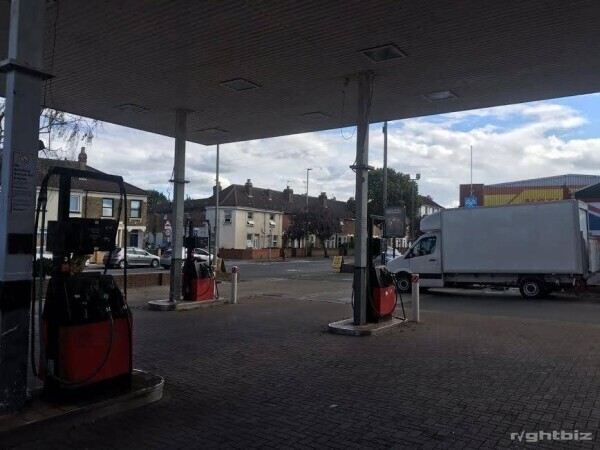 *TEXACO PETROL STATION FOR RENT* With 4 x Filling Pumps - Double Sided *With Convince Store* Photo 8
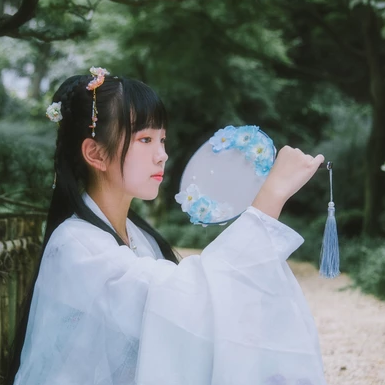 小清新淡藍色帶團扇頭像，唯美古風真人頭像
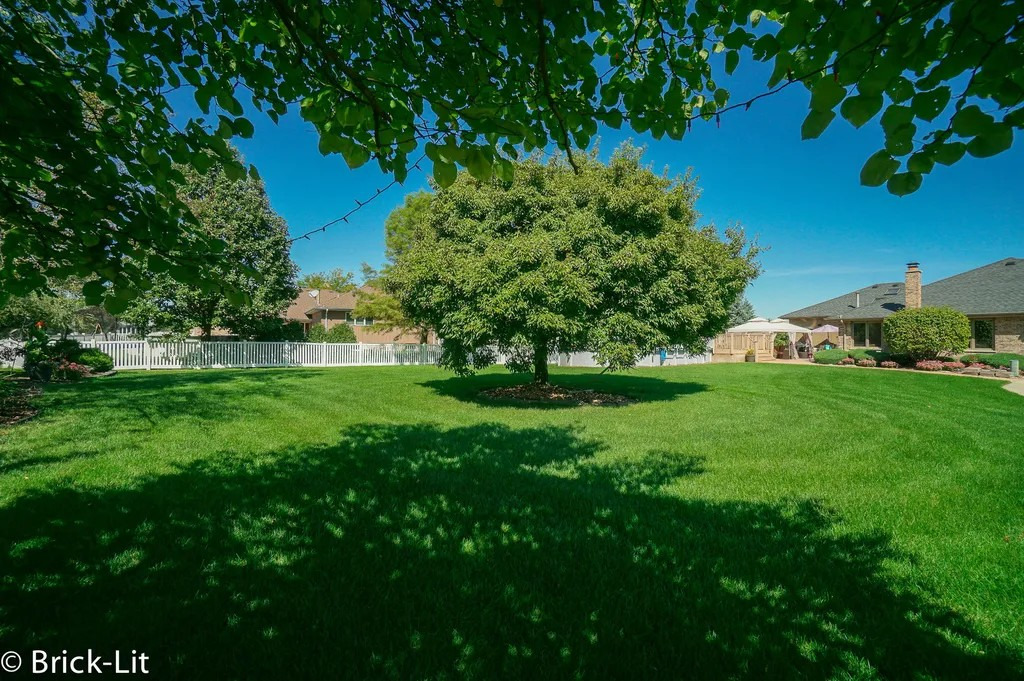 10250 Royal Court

_ _ _ _

[WHAT TO WORK ON] Please return the listing above exactly and leave every picture out.

[ANSWER BOX]
 *TEXACO PETROL STATION FOR RENT* With 4 x Filling Pumps - Double Sided *With Convince Store* Photo 8
 小清新淡藍色帶團扇頭像，唯美古風真人頭像
 10250 Royal Court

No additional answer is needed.